Message non lu par Koiwai » 16 oct. 2015, 13:30

Tome 3 :

Après deux tomes complets consacrés au voyage de Dante en Enfer, ce troisième volume le voit poursuivre son parcours dans le Purgatoire, avant de la terminer dans le Paradis.

Se présentant comme une montagne à gravir jusqu'à son sommet, le Purgatoire se voit divisé en plusieurs gradins où les pécheurs, portés par les prières que les vivants leur accordent, peuvent peu à peu expier leurs péchés. Au fil de ces gradins, ce sont les sept péchés capitaux qui sont mis en avant à tour de rôle, de façon plus ou moins longue : certains passages s'étirent un peu, tandis que d'autres sont tout juste esquissés. Mais ce long chemin vers le sommet de la montagne présente une épreuve d'une nature différente que celle de l'Enfer pour Dante : là où il se contentait surtout d'observer les nombreux châtiments en Enfer, désormais il doit lui-même se débarrasser peu à peu de ses péchés, car il lui faudra être totalement pour pour pouvoir ensuite accéder au Paradis. Dante devant se purifier, c'est un effort d'introspection plus prononcé qu'il doit faire, en affrontant de face ses propres erreurs et ses interrogations. Ainsi, Gô Nagai en profite pour souligner un peu plus fortement certaines interrogations sur la condition humaine et sur ce qui fait l'homme. Si les hommes ont été créé par Dieu, pourquoi sont-ils si mauvais et commettent-ils tant de péchés ? Nous voyons ici que la morale et la vertu peuvent très vite laisser place aux péchés, et que la frontière peut être ténue entre le Bien et le Mal. Aborder ces thématiques avait quelque chose d'assez nouveau dans le paysage manga à l'époque de la prépublication de la Divine Comédie, aujourd'hui cela paraît un peu plus désuet et basique, d'autant que les interrogations que Nagai nous offre ne sont pas très approfondies. Elles le seront plus dans l'oeuvre suivante du mangaka, le cultissime Devilman.

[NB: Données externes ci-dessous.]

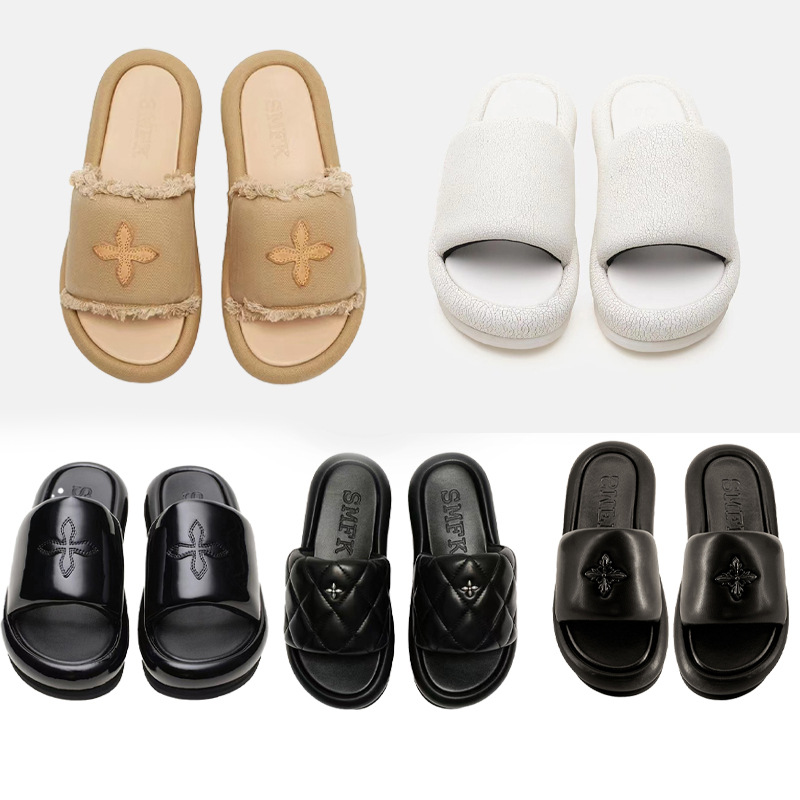 【拖鞋合集】现货smfk黑气球拖鞋倪妮同款云朵感抛光小羊皮一字拖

Le Paradis, divisé en sept ciels avant d'atteindre la Lumière, est malheureusement très vite passé en revue. Nagai se contente d'y aborder l'essentiel à travers quelques cas vertueux, mais on sent bien par-là que les partie sur le Purgatoire et surtout sur l'Enfer l'intéressaient beaucoup plus (sans surprise). Et au bout, une fois la Lumière atteinte, la conclusion est malheureusement très rapide, expéditive.

Reste que les dessins, eux, restent jusqu'au bout portés par une grande densité et par tout le travail d'imagerie hérité des illustrations de Gustave Doré.